◆ **Work order**:
Copy every entry as is. Leave images out.

══ Extracted material ══

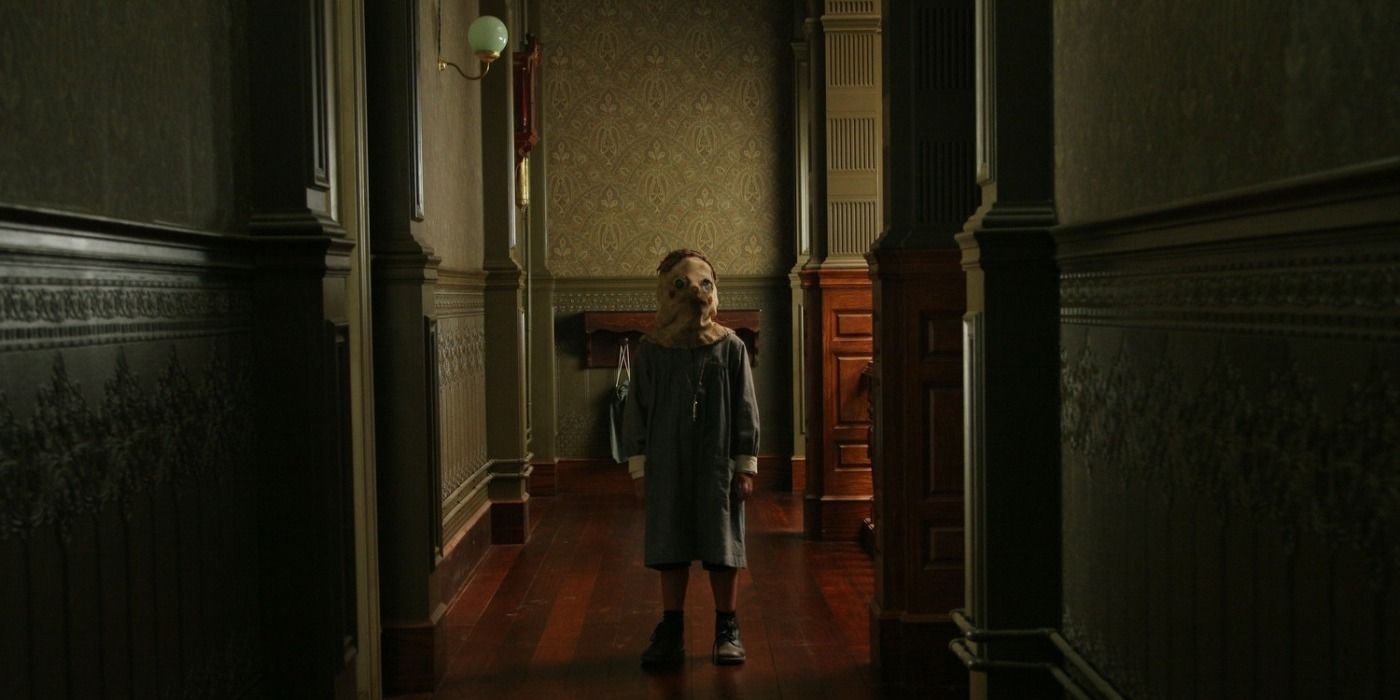 Tomas standing in the hallway in The Orphanage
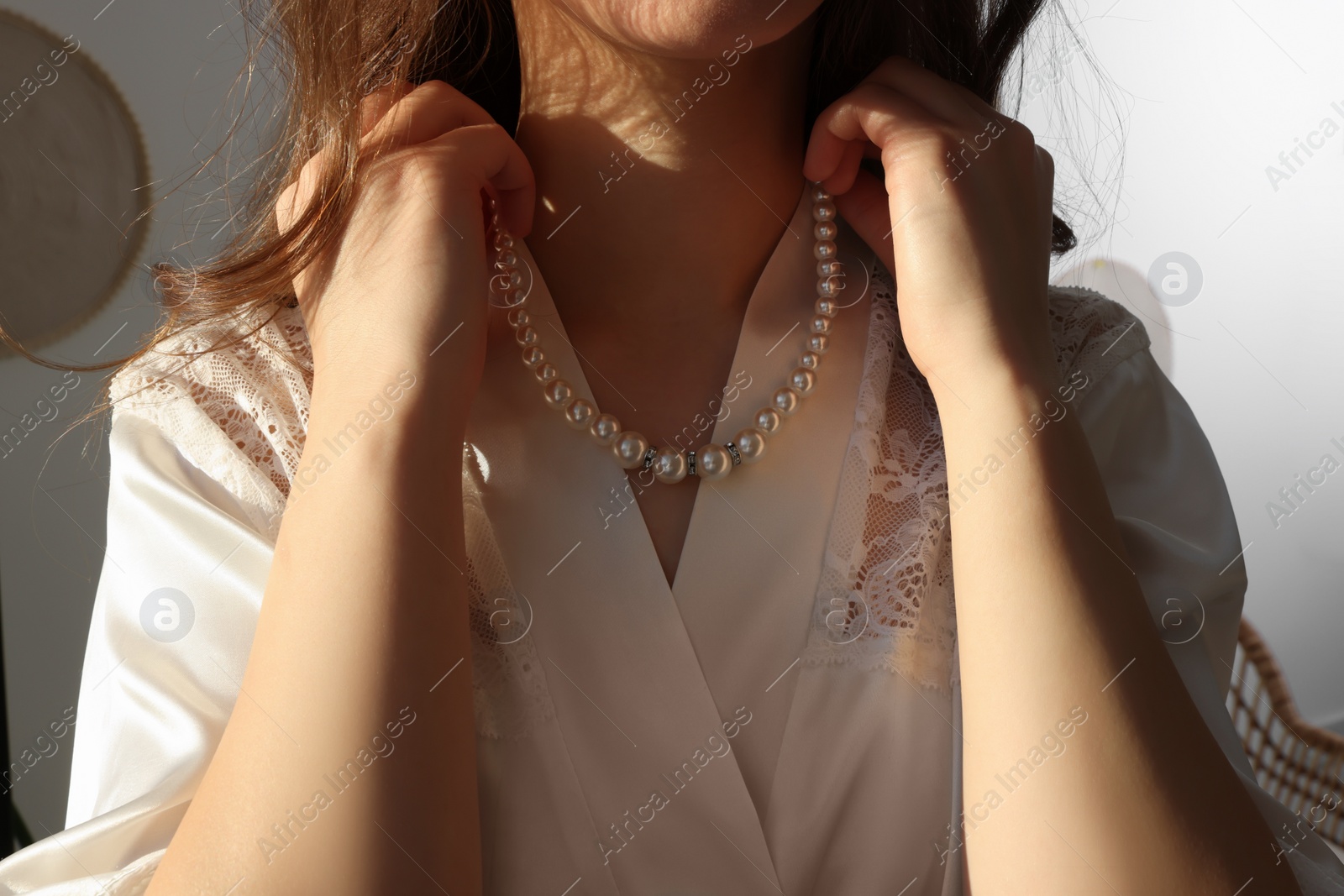 Photo of Bride with beautiful pearl necklace indoors, closeup. Wedding day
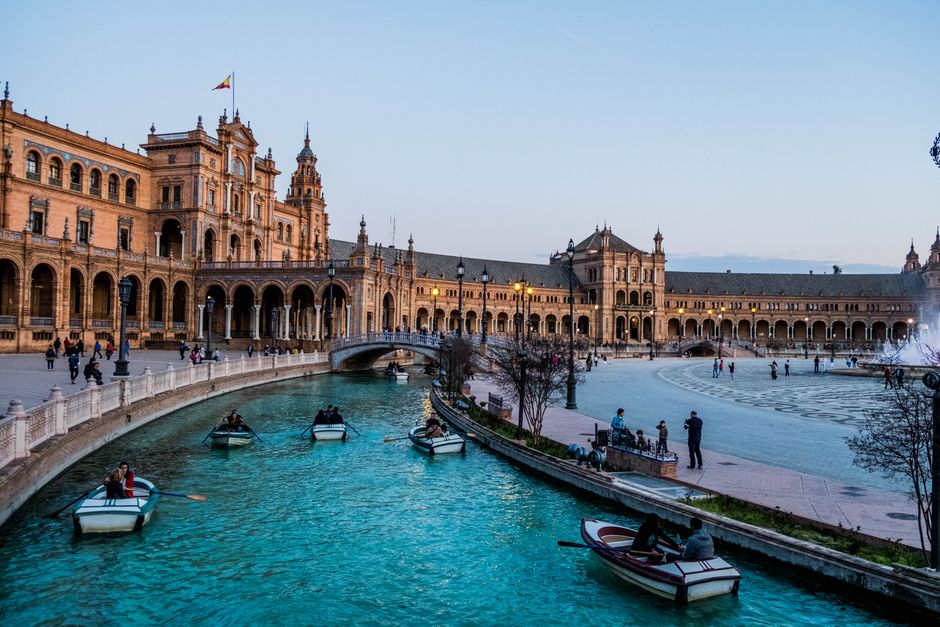 Boats on the canal at Plaza de España, Seville, with historic architecture and vibrant sky.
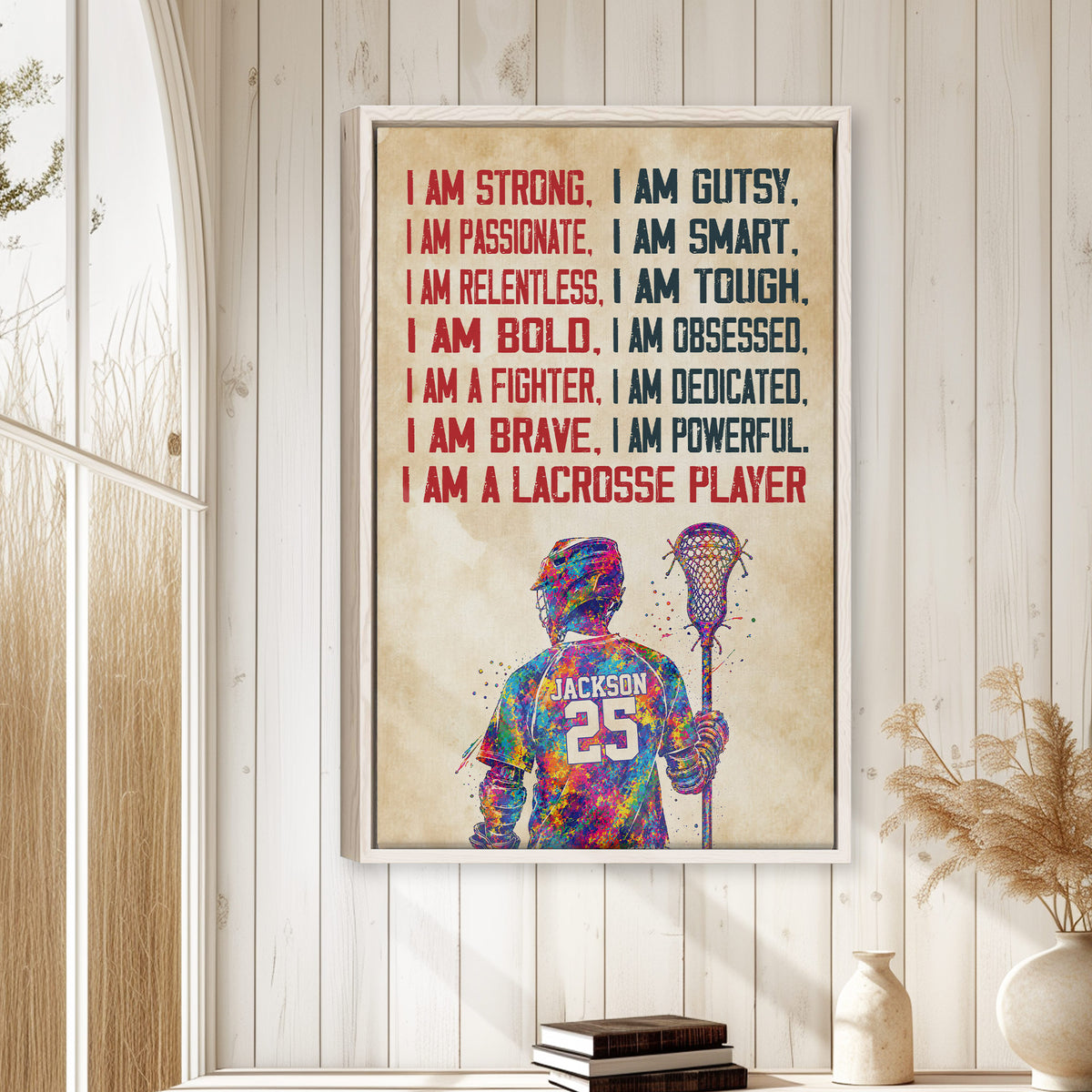 Framed lacrosse wall art displayed on a light wood-paneled wall in a bright room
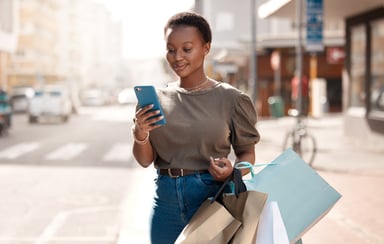shopper carries bags and shops on phone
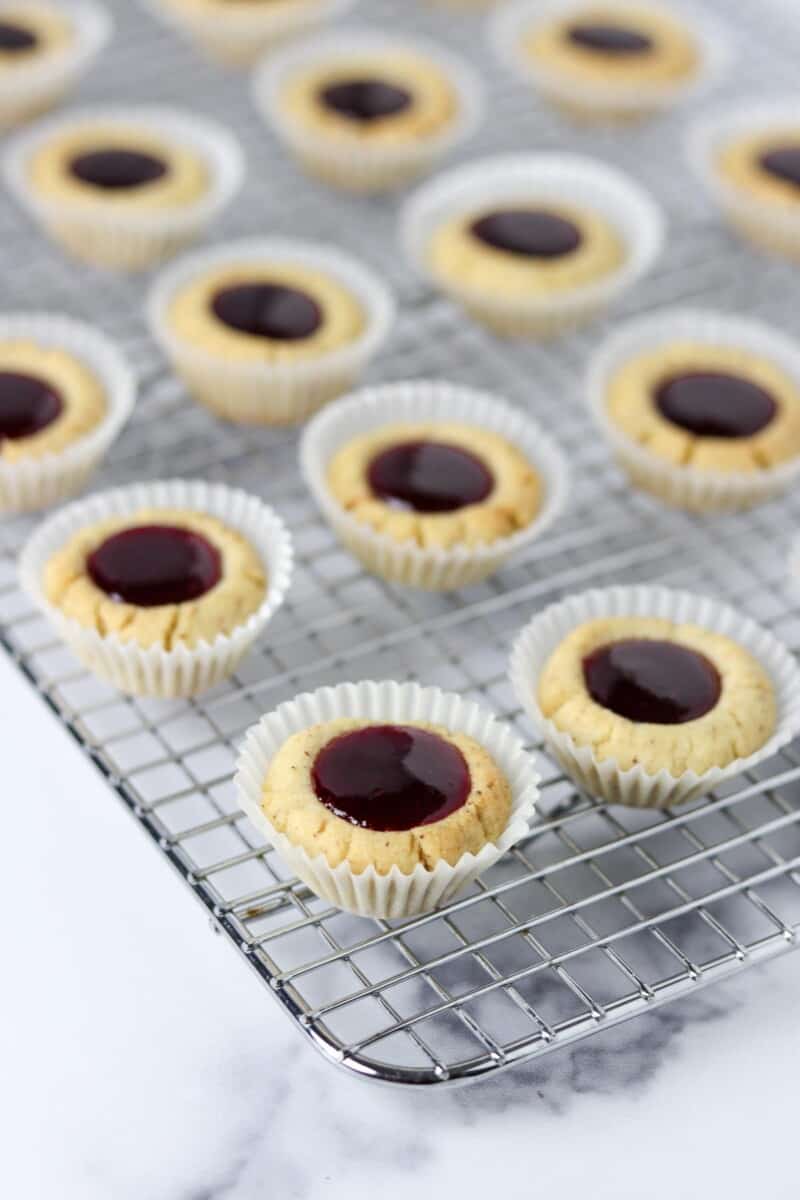 Raspberry thumbprint cookies on a cooling rack.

═══

◆ **Worked solution**:
 Tomas standing in the hallway in The Orphanage
 Photo of Bride with beautiful pearl necklace indoors, closeup. Wedding day
 Boats on the canal at Plaza de España, Seville, with historic architecture and vibrant sky.
 Framed lacrosse wall art displayed on a light wood-paneled wall in a bright room
shopper carries bags and shops on phone
 Raspberry thumbprint cookies on a cooling rack.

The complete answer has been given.